(Data for the task)

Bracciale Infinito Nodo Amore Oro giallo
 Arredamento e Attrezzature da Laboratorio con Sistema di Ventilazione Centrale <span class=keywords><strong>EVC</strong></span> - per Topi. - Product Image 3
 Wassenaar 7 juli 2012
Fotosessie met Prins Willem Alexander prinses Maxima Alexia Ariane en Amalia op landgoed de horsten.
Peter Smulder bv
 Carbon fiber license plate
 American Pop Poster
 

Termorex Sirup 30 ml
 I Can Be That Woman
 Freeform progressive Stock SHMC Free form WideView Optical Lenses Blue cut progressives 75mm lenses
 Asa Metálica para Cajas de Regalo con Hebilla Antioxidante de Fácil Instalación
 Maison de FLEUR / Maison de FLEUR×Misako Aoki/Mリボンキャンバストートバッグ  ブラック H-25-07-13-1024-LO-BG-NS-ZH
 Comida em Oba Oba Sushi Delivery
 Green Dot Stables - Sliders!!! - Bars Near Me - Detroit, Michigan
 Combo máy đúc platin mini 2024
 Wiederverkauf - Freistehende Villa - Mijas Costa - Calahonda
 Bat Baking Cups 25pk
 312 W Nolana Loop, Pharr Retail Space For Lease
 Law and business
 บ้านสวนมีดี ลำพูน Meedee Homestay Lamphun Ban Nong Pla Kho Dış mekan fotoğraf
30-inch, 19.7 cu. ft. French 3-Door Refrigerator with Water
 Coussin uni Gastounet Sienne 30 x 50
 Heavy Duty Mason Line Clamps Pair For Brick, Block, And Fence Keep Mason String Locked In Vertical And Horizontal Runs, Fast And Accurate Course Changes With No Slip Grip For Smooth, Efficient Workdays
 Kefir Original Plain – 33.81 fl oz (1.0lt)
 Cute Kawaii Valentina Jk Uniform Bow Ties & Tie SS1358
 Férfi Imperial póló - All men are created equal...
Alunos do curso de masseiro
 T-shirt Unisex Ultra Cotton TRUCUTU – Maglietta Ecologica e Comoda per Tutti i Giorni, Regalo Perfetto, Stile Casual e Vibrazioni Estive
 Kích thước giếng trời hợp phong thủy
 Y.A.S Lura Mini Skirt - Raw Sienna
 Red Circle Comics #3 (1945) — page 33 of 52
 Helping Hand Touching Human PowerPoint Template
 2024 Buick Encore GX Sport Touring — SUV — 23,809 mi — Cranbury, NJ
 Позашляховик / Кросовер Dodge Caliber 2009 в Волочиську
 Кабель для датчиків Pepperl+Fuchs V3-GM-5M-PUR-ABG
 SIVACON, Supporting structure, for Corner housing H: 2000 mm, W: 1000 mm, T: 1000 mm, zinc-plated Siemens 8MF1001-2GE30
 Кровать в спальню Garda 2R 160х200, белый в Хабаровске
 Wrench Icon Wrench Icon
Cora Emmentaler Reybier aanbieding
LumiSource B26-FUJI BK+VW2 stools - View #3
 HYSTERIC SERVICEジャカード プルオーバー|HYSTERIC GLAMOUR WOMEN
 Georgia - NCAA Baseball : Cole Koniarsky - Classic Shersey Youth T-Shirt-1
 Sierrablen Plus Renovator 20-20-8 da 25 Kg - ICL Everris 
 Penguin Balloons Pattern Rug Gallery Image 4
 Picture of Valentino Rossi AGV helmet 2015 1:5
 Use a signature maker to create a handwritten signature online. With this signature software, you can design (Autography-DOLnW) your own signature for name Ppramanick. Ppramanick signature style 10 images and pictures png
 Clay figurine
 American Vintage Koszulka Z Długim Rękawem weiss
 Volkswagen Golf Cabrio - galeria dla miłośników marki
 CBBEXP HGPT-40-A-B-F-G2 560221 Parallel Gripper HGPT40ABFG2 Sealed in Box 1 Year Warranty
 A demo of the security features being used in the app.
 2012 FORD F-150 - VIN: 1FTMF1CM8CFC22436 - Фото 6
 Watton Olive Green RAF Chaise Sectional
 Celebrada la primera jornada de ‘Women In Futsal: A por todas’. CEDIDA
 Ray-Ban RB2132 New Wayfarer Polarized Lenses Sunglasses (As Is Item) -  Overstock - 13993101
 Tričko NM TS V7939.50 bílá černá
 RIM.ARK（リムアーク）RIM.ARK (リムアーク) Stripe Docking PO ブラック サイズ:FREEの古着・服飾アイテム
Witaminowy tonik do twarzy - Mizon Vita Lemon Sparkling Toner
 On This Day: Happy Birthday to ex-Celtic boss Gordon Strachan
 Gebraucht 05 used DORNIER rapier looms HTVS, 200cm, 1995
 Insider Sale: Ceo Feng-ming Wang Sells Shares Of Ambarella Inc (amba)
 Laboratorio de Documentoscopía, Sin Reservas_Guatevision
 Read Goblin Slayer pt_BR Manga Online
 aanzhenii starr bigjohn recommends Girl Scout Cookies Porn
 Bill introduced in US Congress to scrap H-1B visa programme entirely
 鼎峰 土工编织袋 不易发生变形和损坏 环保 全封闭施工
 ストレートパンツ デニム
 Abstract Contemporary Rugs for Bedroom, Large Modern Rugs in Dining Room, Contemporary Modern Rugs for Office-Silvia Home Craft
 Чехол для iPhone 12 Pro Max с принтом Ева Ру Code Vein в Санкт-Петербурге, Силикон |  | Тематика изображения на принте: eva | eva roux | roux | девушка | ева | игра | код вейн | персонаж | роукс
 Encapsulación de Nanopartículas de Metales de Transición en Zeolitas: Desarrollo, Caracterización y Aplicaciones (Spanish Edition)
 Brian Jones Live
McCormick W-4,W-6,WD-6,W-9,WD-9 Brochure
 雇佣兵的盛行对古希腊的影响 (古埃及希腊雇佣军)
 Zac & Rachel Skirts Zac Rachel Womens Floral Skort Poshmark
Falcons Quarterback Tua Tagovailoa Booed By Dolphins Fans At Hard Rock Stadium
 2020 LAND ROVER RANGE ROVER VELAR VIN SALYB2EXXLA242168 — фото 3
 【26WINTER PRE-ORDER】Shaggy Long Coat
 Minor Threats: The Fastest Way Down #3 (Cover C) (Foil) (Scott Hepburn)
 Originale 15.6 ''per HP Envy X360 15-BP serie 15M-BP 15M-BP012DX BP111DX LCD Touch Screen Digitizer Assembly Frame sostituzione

(End Data for the task)

Going back over the entries above, copy word for word every line from the one that has "T-shirt Unisex Ultra" on through the one that has "RIM.ARK（リムアーク）RIM.ARK (リムアーク) Stripe".

_Output of the exercise_
 T-shirt Unisex Ultra Cotton TRUCUTU – Maglietta Ecologica e Comoda per Tutti i Giorni, Regalo Perfetto, Stile Casual e Vibrazioni Estive
 Kích thước giếng trời hợp phong thủy
 Y.A.S Lura Mini Skirt - Raw Sienna
 Red Circle Comics #3 (1945) — page 33 of 52
 Helping Hand Touching Human PowerPoint Template
 2024 Buick Encore GX Sport Touring — SUV — 23,809 mi — Cranbury, NJ
 Позашляховик / Кросовер Dodge Caliber 2009 в Волочиську
 Кабель для датчиків Pepperl+Fuchs V3-GM-5M-PUR-ABG
 SIVACON, Supporting structure, for Corner housing H: 2000 mm, W: 1000 mm, T: 1000 mm, zinc-plated Siemens 8MF1001-2GE30
 Кровать в спальню Garda 2R 160х200, белый в Хабаровске
 Wrench Icon Wrench Icon
Cora Emmentaler Reybier aanbieding
LumiSource B26-FUJI BK+VW2 stools - View #3
 HYSTERIC SERVICEジャカード プルオーバー|HYSTERIC GLAMOUR WOMEN
 Georgia - NCAA Baseball : Cole Koniarsky - Classic Shersey Youth T-Shirt-1
 Sierrablen Plus Renovator 20-20-8 da 25 Kg - ICL Everris 
 Penguin Balloons Pattern Rug Gallery Image 4
 Picture of Valentino Rossi AGV helmet 2015 1:5
 Use a signature maker to create a handwritten signature online. With this signature software, you can design (Autography-DOLnW) your own signature for name Ppramanick. Ppramanick signature style 10 images and pictures png
 Clay figurine
 American Vintage Koszulka Z Długim Rękawem weiss
 Volkswagen Golf Cabrio - galeria dla miłośników marki
 CBBEXP HGPT-40-A-B-F-G2 560221 Parallel Gripper HGPT40ABFG2 Sealed in Box 1 Year Warranty
 A demo of the security features being used in the app.
 2012 FORD F-150 - VIN: 1FTMF1CM8CFC22436 - Фото 6
 Watton Olive Green RAF Chaise Sectional
 Celebrada la primera jornada de ‘Women In Futsal: A por todas’. CEDIDA
 Ray-Ban RB2132 New Wayfarer Polarized Lenses Sunglasses (As Is Item) -  Overstock - 13993101
 Tričko NM TS V7939.50 bílá černá
 RIM.ARK（リムアーク）RIM.ARK (リムアーク) Stripe Docking PO ブラック サイズ:FREEの古着・服飾アイテム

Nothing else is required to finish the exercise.